Al mismo tiempo, quisieran no tener que hacerlo. Si las partes en conflicto acordaran un alto el fuego, si las personas desplazadas pudieran volver a casa con seguridad, si los gobiernos compartieran la responsabilidad del reasentamiento, si los Estados respetaran sus obligaciones derivadas del derecho internacional por lo que respecta al asilo y al principio de no devolución (no enviar a las personas que huyen de amenazas a sus vidas al lugar del que vinieron), entonces el ACNUR tendría mucho menos de lo que preocuparse.

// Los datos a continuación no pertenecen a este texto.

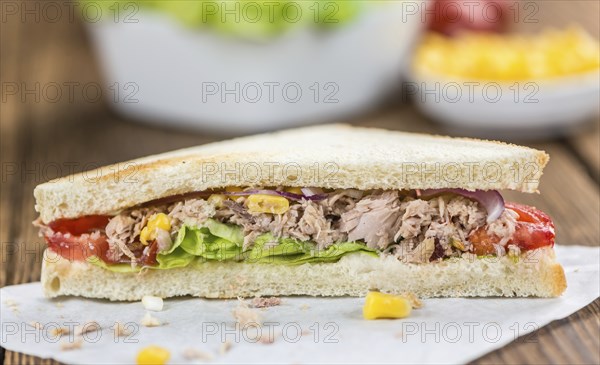 Tuna Sandwich (selective focus, close-up shot) on vintage background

En 1994 fui parte del equipo de respuesta de emergencia del ACNUR en la República
Democrática del Congo, entonces Zaire. En cuatro días un millón de ruandeses
cruzaron la frontera y, al llegar, se encontraron inmersos en un brote de cólera que
mató a decenas de miles de personas. Mis compañeros, que habían jurado proteger a
las personas, se vieron cavando tumbas. Puedes pensar en las vidas que has salvado,
en ese momento en que la desesperación de una persona refugiada se convierte en
esperanza gracias a tus esfuerzos. Pero nunca dejas de pensar en las vidas que no
conseguiste salvar.
Por eso, en el 70º aniversario del ACNUR, mi desafío para la comunidad internacional
es el siguiente: déjenme sin trabajo. Que su objetivo sea crear un mundo en el que de
verdad no sea necesaria una Agencia de la ONU para los Refugiados porque nadie se
vea obligado a huir. No me malinterpreten: tal y como están las cosas, nuestro trabajo
resulta crucial; pero la paradoja es que no deberíamos existir. Si seguimos cumpliendo
muchos más aniversarios, la única conclusión que se podrá sacar será que la
comunidad internacional habrá fallado.
Pero si los factores que suscitan el desplazamiento masivo se resolvieran tan solo en
media docena de países, millones de personas refugiadas podrían volver a casa, al
igual que millones de personas desplazadas internas. Ese sería un excelente
comienzo, y eso sí que sería algo que todos podríamos celebrar.